As horas passavam. A barriga doía devido à falta de alimentação. A fé era grande. Quase meia-noite. Manduca lembra-se de rezar pela avó. Ele lembra-se também da mãe, porém ao se lembrar de que ela o abandonara quando tinha um mês de vida, fez com que uma lágrima saltasse de seus olhos.
Manduca enxuga as lágrimas com a manga da camisa desbotada. Está triste; talvez a esperança de encontrar o Papai Noel, começasse a se dissipar.
Ouve um zum-zum-zum logo abaixo da viela do morro. Vê uma pessoa correndo: era um negro, com capote vermelho, um saco às costas, que ao Manduca parecia cheio de brinquedos... .
-Papai Noel !!!!!!!!!!!!!, gritou o  Manduca.
Mas, em seguida viu duas pessoas correndo atrás do Papai Noel, cada m deles com uma arma de brinquedo na mão (quem sabe foram dar os brinquedos e não encontraram os meninos!!!, pensou). Manduca parou de chorar e abriu um sorriso ao Papai Noel, que passa por ele, dando-lhe um esbarrão. Manduca fica, mesmo assim, feliz e atarantado (ele esperava que o Papai Noel lhe desse algum presente). Mais abaixo, os dois que corriam atrás do bom velhinho dispararam suas armas. Uma bala perdida atingiu Manduca, próximo da orelha. Manduca sentiu uma dor terrível, queimando, queimando; e cai em meio à viela. Os dois perseguidores do Papai Noel, passam pelo corpo do menino, envolto à uma poça de sangue. O corpo franzino do menino estava frio; uma brisa fria soprou do mar para o morro naquele instante, fazendo eriçar os cabelos dos transeuntes... .
Não mais havia a avó no hospital, não mais havia o Papai Noel negro; não mais havia Manduca, nem brincadeiras com o Tiziu! Lá em baixo, na Zona Sul do Rio de Janeiro, os fogos espocavam, anunciando o Natal. No meio da viela da favela estava Manduca, sem alma - que já havia se desprendido!

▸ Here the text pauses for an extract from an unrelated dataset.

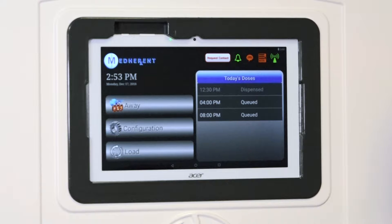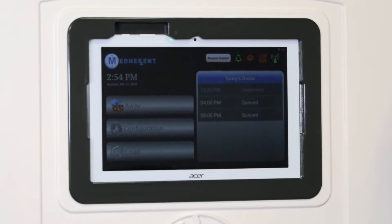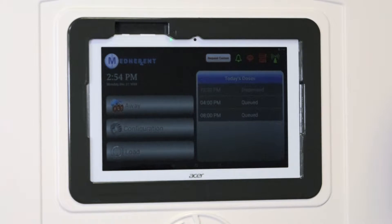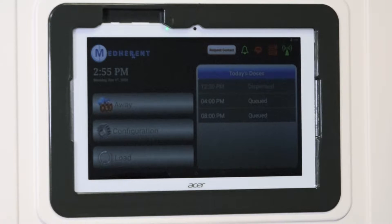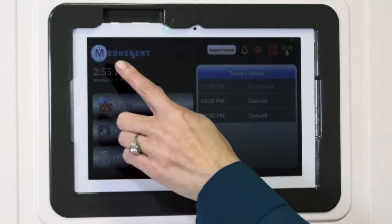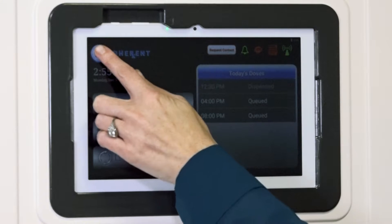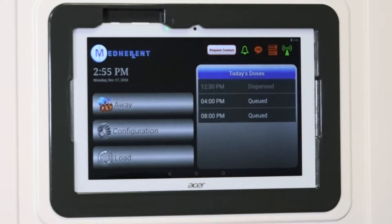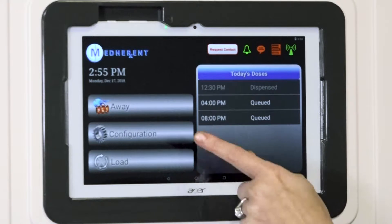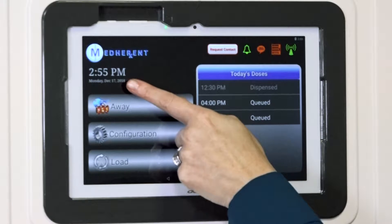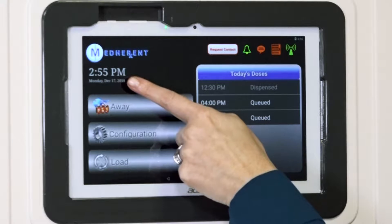In order to save power, the screen will dim a bit when it is not being used and will not recognize any commands you give it. When this happens, just tap here to brighten the screen and wake it up. The time and date are listed here.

Mais um anjo negro voou para o céu!

- Mais uma estrela passou a piscar no céu, naquela Noite de Natal!

Criado em: 24/12/2013

Antônio Carlos Affonso dos Santos
– ACAS. É natural de Cravinhos-SP. É Físico, poeta e contista. Tem textos publicados em 8 livros, sendo 4 “solos e entre eles, o Pequeno Dicionário de Caipirês e o livro infantil “A Sementinha” além de quatro outros publicados em antologias junto a outros escritores.